Note: Memgraph itself may also return fewer than limit items if fewer memories match the query. In that case len(contents) < limit with no error — RecallAtK is evaluated against the actual candidates returned, not a padded set. For the synthetic datasets this is expected and correct.
func (*CortexClient) Reset ¶
func (c *CortexClient) Reset(ctx context.Context) error
Reset calls `openclaw-cortex reset --yes` to wipe all memories from the store. Used by benchmark harnesses to isolate QA pairs from each other.
func (*CortexClient) Store ¶
func (c *CortexClient) Store(ctx context.Context, content string) error
Store runs `openclaw-cortex store <content>` to persist a fact memory. --scope permanent is intentional: eval facts represent ground-truth knowledge that should outlive a session, and all eval facts receive the same scope so relative recall scoring is unaffected by scope-boost.
type RecallJSONResult ¶
type RecallJSONResult struct {
Memory struct {
Content string `json:"content"`
} `json:"memory"`
}
RecallJSONResult is a minimal struct for parsing JSON output from `openclaw-cortex recall --context _`.

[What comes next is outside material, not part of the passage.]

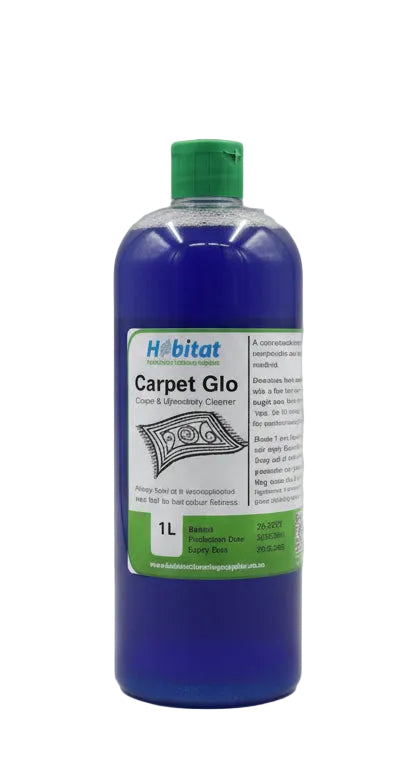 A 1L bottle of Habitat Carpet Glo stain and cleaning cleaner, filled with bright blue liquid and topped with a green cap, standing on a dark gray laptop lid against a plain light gray wall.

Schema: matches cmd_recall.go output as of commit e38b3d5f. The binary serializes []models.RecallResult (internal/models/memory.go):
[{"memory":{"content":"..."},...}, ...]
The outer key is "memory" (json:"memory") and the content key is "content" (json:"content"). If the recall command's output schema changes — e.g. the outer wrapper is flattened or the field is renamed — update this struct and TestRecallJSONResultSchema in tests/eval_runner_test.go.
Exported so that tests/eval_runner_test.go can test JSON schema parsing without requiring a live binary (CLAUDE.md: tests live in tests/).